TASK DETAILS
Restate every line of the data word for word, except for the images.

GIVEN MATERIAL
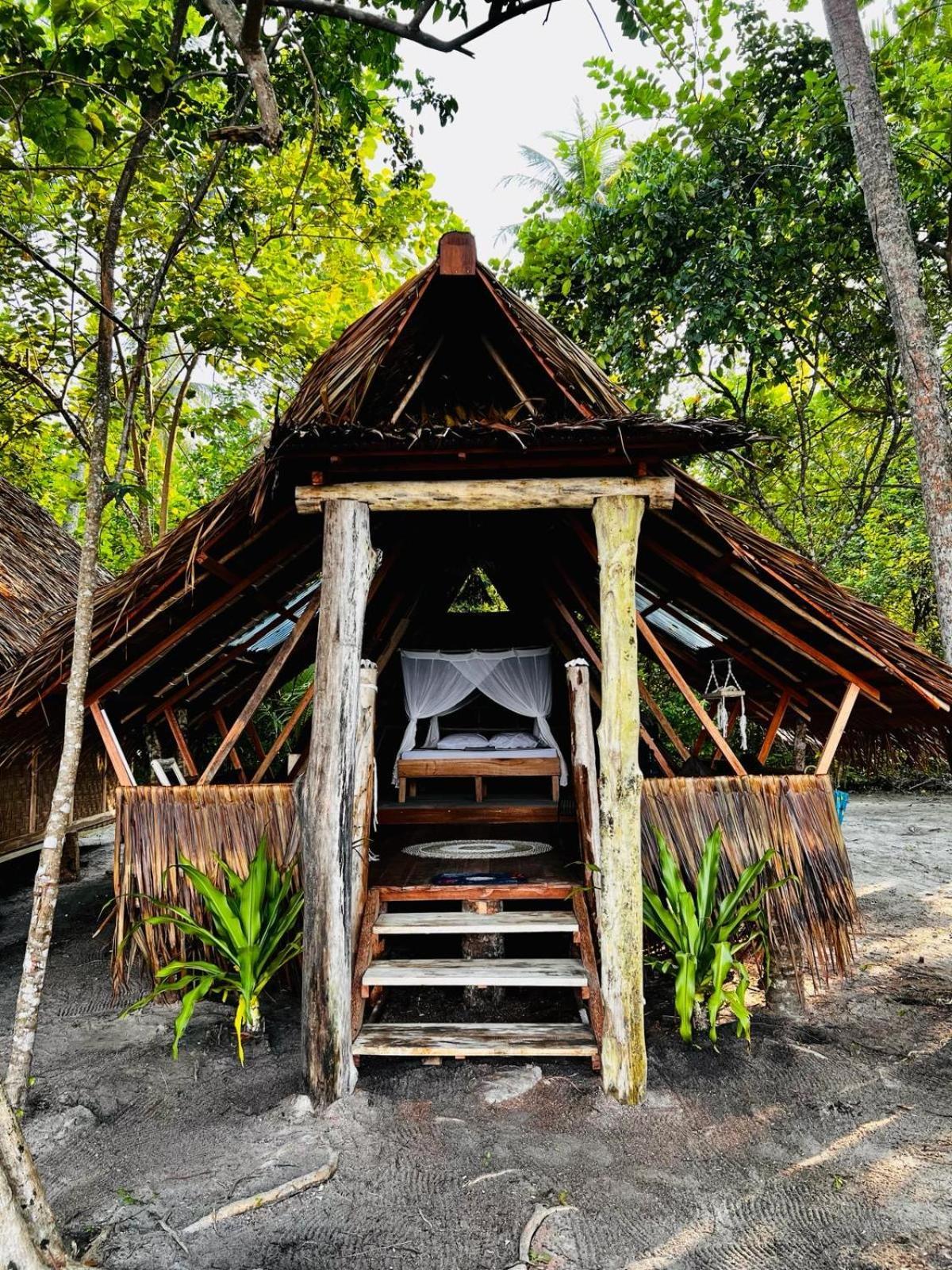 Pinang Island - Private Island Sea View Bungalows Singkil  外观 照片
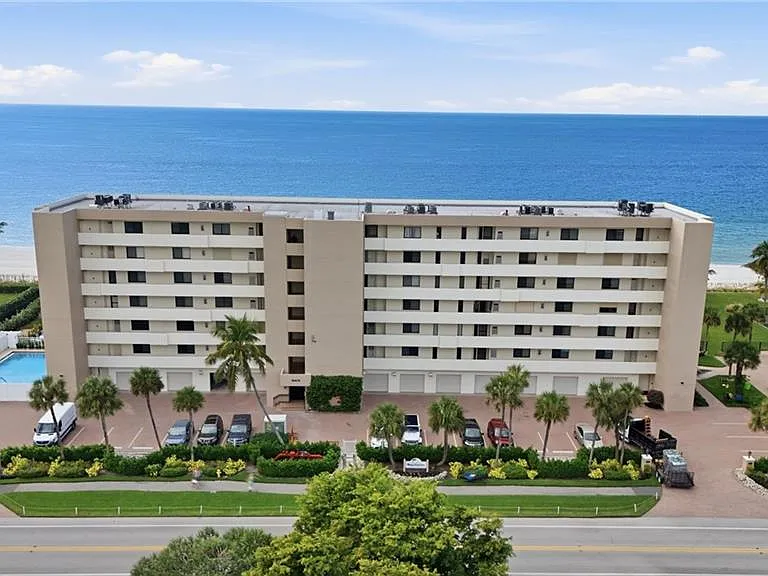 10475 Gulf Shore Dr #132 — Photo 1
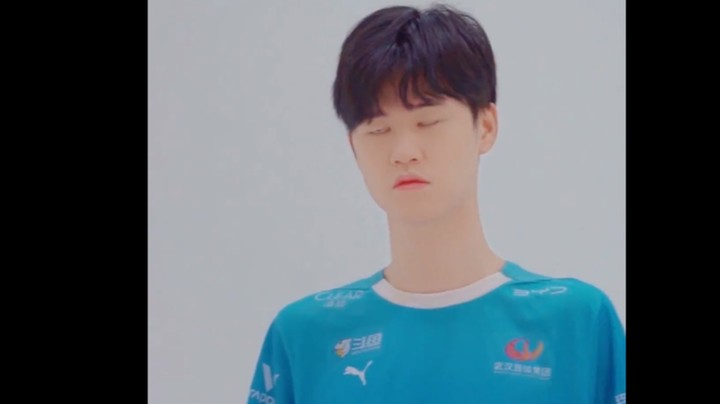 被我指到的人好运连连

ANSWER
 Pinang Island - Private Island Sea View Bungalows Singkil  外观 照片
 10475 Gulf Shore Dr #132 — Photo 1
 被我指到的人好运连连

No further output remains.